One of my favorite things about summer is being able to visit the farmers market in my hometown every Saturday with my husband. We are so lucky to be able to take advantage of the delicious produce that is available in our mid-western area. This July has been especially fruitful with tomatoes at the farmers market: heirloom varieties of all shapes, sizes, and colors, grape tomatoes, roma, and huge sandwich varieties. There are many ways to use the humble tomato; one of my favorites recipes marries juicy grape tomatoes with fruity olive oil and home-grown herbs. This recipe is a crowd-pleaser and great for entertaining because not only is it stunningly (is that a word?) beautiful, but it is delicious as well.

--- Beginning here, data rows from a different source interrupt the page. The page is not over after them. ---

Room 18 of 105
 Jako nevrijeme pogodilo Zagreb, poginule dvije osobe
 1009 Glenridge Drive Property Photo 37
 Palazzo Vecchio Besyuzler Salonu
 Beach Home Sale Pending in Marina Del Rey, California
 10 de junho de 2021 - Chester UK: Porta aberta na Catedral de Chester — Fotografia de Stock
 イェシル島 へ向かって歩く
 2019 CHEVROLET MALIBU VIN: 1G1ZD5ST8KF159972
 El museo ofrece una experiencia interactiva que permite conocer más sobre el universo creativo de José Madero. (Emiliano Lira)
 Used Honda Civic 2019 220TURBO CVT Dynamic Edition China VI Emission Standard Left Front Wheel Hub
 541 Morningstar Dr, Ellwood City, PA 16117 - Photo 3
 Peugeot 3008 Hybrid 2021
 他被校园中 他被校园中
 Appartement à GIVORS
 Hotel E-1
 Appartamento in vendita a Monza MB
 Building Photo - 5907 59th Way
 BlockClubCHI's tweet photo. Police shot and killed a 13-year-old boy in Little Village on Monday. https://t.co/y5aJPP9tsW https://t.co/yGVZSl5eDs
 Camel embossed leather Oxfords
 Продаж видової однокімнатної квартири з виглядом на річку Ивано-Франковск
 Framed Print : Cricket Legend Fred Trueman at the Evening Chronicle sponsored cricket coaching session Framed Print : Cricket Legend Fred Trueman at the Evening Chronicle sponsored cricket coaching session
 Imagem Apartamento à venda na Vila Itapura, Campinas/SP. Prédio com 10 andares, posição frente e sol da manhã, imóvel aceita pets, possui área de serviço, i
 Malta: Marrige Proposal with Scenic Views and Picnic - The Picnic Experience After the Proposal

  • 1 small baguette or other crusty italian bread, sliced and toasted
  • 2 pints cherry or grape tomatoes (feel free to explore by using yellow and red tomatoes mixed!)
  • 2 cloves garlic, finely chopped
  • 1/4 c. mixed chopped herbs (I like to use thyme, fresh basil, rosemary, parsley, and chives)
  • 1/4 c. olive oil (approximately)
  • Salt and pepper to taste
  • 1/3 c. shredded Italian cheese or parmesan
  • Extra fresh basil for garnish

Preheat oven to 400 degrees F. Wash tomatoes and place them in a medium size bowl. Top with chopped garlic and herbs.


Drizzle olive oil and mix until each tiny tomato is coated in olive oil and herbs. Hint: Each tomato will glisten. Add salt and pepper to taste and mix once more; if you are feeling spicy you can add a shake of red pepper flakes! Cover and let sit at room temperature or in refrigerator for at least 30 minutes. Place in one even layer on a baking sheet and roast tomatoes until they start to burst and flatten; approximately 20-30 minutes. This is what concentrates the flavor and elevates them to the next level of deliciousness! Remove tomatoes from oven and return to bowl in which they were marinated.

Spoon mixture onto pieces of crusty italian bread that have been toasted. Sprinkle with italian cheese mixture or parmesan and fresh chopped basil. (Don’t chop your fresh basil ahead because it has the habit of turning brown) I like to serve this with a bottle of red wine and on a white plate so the colors of the tomatoes pop! Enjoy!